I just don't see how this could ever work. It seems logically impossible. They must get control of my Bitcoin for it to be meaningful (?), but then I have to trust a stranger which is not going to happen. Only a complete idiot would do this. I'm not that idiot... anymore.
Is there some way to cryptographically ensure that I will get my 1 BTC back when the contract ends, no matter what, yet still giving the other person some kind of value/temporary ownership of the 1 BTC which is to be safely returned to me at the end of the contract? (Or a completely different Bitcoin, but the same value.)
Even if centralized services such as "BlockFi" didn't require KYC/AML stuff, I still could never trust them to have control of my coin. The stress from fearing that they will pull a "Mt. Gox" on me and exit-scam will not be made up for by the interest earned while it's there. Just because it's associated with "Winklevoss"/Gemini doesn't make me feel any safer. The most rich and famous people out there are often quite tricky and nasty. After all, the entire point of Bitcoin is to escape centralization.
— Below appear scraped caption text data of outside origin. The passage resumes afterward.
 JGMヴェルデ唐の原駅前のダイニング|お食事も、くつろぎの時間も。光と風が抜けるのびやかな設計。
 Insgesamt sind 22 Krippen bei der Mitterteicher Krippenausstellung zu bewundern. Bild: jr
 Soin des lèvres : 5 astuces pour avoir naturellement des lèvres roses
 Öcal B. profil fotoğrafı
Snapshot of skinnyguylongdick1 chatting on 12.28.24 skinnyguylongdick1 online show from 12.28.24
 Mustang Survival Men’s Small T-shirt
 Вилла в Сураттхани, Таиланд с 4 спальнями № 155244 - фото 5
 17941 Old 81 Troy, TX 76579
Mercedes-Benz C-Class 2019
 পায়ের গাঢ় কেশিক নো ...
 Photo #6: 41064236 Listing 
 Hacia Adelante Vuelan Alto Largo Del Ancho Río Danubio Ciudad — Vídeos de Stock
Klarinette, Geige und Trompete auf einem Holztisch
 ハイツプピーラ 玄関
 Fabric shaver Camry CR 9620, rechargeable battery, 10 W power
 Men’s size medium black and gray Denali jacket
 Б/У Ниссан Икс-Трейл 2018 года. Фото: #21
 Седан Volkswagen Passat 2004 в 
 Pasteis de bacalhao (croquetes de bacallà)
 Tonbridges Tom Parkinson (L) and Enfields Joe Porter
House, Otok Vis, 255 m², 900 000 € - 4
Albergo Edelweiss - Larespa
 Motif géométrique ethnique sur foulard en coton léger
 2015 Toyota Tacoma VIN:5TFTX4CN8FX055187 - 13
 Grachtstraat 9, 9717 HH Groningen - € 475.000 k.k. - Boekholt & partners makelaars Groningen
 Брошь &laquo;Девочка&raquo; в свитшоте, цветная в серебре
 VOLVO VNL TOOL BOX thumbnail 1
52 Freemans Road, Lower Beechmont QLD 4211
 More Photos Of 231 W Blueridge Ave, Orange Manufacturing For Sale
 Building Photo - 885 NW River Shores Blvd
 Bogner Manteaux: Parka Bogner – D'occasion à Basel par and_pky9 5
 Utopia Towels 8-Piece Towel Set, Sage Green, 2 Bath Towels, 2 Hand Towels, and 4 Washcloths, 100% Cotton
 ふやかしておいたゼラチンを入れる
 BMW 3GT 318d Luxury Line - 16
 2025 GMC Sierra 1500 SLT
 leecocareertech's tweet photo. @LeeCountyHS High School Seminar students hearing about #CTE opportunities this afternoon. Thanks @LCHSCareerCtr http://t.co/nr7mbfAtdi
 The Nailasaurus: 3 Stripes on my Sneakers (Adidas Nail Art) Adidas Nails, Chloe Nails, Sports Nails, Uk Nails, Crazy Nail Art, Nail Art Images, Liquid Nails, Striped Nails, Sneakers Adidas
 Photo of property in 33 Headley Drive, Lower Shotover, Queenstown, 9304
I don't understand how people can use and recommend centralized services which gain full control of your coins. It's impossible for a "true Bitcoin believer" to enter into such a contract.
Even if this is not possible right now, is there really anything which fundamentally prevents it from ever working? Is there really no "smart logic" which I'm overlooking that can be applied so that they get value from "owning" the coin, yet I am still guaranteed (not by a "pinkie promise"!) to get it back at the end of the time-based contract?
Of course, if somebody figures out a way to entirely break the entire Bitcoin blockchain/system, all is lost, but I mean assuming that Bitcoin keeps working as reliably as it has up until now.
I really need to make money, but I just cannot trust centralized entities or "promises" of any kind other than the cold logic found in a "smart contract".